Studio album by The Black Sorrows
- Released: 16 August 2004
- Recorded: 2004
- Genre: Acoustic music; rock;
- Length: 59:00
- Label: Liberation

The Black Sorrows chronology
| Beat Club (1998) | One Mo' Time (2004) | Roarin' Town (2006) |

= One Mo' Time (album) =

One Mo' Time is the tenth studio album by Australian rock band The Black Sorrows. The album was released in August 2004 and The Black Sorrows re-recording some of their classic material in an acoustic setting.

Upon release, lead singer Joe Camilleri said; "You take the job on for various reasons. Sometimes it's the money. Sometimes you got nothing to do. Other times it's the challenge. It's a hardcore thing, to go back to some songs that, whether you've done them justice or not, are part of Australian history.
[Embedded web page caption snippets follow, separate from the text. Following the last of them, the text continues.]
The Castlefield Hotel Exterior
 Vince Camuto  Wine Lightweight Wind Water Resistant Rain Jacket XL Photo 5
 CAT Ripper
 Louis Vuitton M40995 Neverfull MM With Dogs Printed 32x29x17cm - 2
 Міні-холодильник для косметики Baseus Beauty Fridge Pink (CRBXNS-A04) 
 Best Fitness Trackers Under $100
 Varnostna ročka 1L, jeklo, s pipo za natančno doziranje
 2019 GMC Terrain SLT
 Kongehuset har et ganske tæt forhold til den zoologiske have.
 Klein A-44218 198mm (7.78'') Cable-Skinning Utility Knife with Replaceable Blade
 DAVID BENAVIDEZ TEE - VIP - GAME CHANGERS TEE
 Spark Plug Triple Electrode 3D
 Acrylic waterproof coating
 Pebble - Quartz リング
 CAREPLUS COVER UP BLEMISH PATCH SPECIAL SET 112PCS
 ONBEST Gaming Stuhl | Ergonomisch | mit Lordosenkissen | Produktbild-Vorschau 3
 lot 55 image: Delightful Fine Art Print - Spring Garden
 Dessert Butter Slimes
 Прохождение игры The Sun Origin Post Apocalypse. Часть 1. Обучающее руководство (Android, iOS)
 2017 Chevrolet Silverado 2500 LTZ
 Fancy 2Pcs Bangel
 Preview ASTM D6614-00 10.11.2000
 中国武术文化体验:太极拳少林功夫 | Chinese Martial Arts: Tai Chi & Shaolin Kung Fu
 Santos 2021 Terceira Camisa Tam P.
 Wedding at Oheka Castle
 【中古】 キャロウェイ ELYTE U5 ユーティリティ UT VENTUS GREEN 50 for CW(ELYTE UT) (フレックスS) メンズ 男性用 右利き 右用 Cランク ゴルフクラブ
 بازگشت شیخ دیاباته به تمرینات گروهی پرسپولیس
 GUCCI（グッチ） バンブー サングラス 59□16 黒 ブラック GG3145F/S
It's a brave thing to do."

==Reception==
Inpress magazine said the album is "A hand-tooled model of a national treasure".

== Track listing ==
- CD track listing (BLUE0702 )
1. "Harley + Rose" (Joe Camilleri, Nick Smith) - 3:47
2. "The Chosen Ones" (Camilleri, Smith) - 5:28
3. "Dear Children" (Camilleri, Smith) - 4:17
4. "Daughters of Glory" (Camilleri, Smith) - 3:25
5. "Ain't Love the Strangest Thing" (Camilleri, Laurie Polec) - 5:15
6. "Snake Skin Shoes" (Camilleri, Jeff Griffin) - 3:41
7. "Brown Eyed Girl" (Van Morrison) - 3:41
8. "That's What I'd Give For Your Love" (Camilleri, Smith) - 4:16
9. "Hold On to Me" (Camilleri, Smith) - 4:43
10. "Mystified" (Camilleri, Smith)	- 4:11
11. "Lucky Charm" (Camilleri, Smith) - 4:46
12. "Country Girls" (Camilleri, Smith) - 3:29
13. "Better Times" (Camilleri, Polec) - 5:06
14. "Come On, Come On" (Camilleri, Polec) - 3:06

==Personnel==
The Black Sorrows:
- Joe Camilleri - vocals, saxophone, guitar, harp, keyboards
- James Black - keyboards, guitar
- Jeff Burstin - guitar, mandolin
- Stephen Hadley - bass guitar
- Tony Floyd - drums, percussion

with:
- Ed Bates - slide and pedal steel guitars (1, 3, 4, 6, 9, 11, 12)
- Joe Creighton - backing vocals (2, 5, 6, 7, 8, 10 12, 13, 14)
- Nick Smith - backing vocals (3, 4, 9, 11)
- John Barrett - saxophone (8, 9)

==Production team==
- Produced by Joe Camilleri
- Recorded by Adam Rhodes, assisted by Troy Trigwell
- Mixed and mastered by Robin Mai and Joe Camilleri

==Charts==
One Mo' Time entered the ARIA Jazz and Blues chart at number 19 for the week commencing 18 October 2004. It peaked at number 14, for the week commencing 24 November 2004.

| Chart (2004) | Peak position |
|---|---|
| Australian (ARIA) Jazz and Blues Chart | 14 |

==Tour==
The Black Sorrows celebrated the release of the album with a national tour across November 2004.

- 2 Nov - Subiaco Race Track, Perth, WA
- 5 Nov - Pemberton Community Centre, Perth, WA
- 11 Nov - Kedron-Wavell Services Club, Kedron, QLD
- 12 Nov - Southport RSL, Southport, QLD
- 13 Nov - Mooloolaba Surf Club, Mooloolaba, QLD
- 14 Nov - Carindale Tavern, Carindale, QLD
- 24 Nov - The Famous Spiegeltent, Melbourne, VIC
The Black Sorrows also performed an acoustic set of their tracks at A Day On The Green throughout November and December 2004.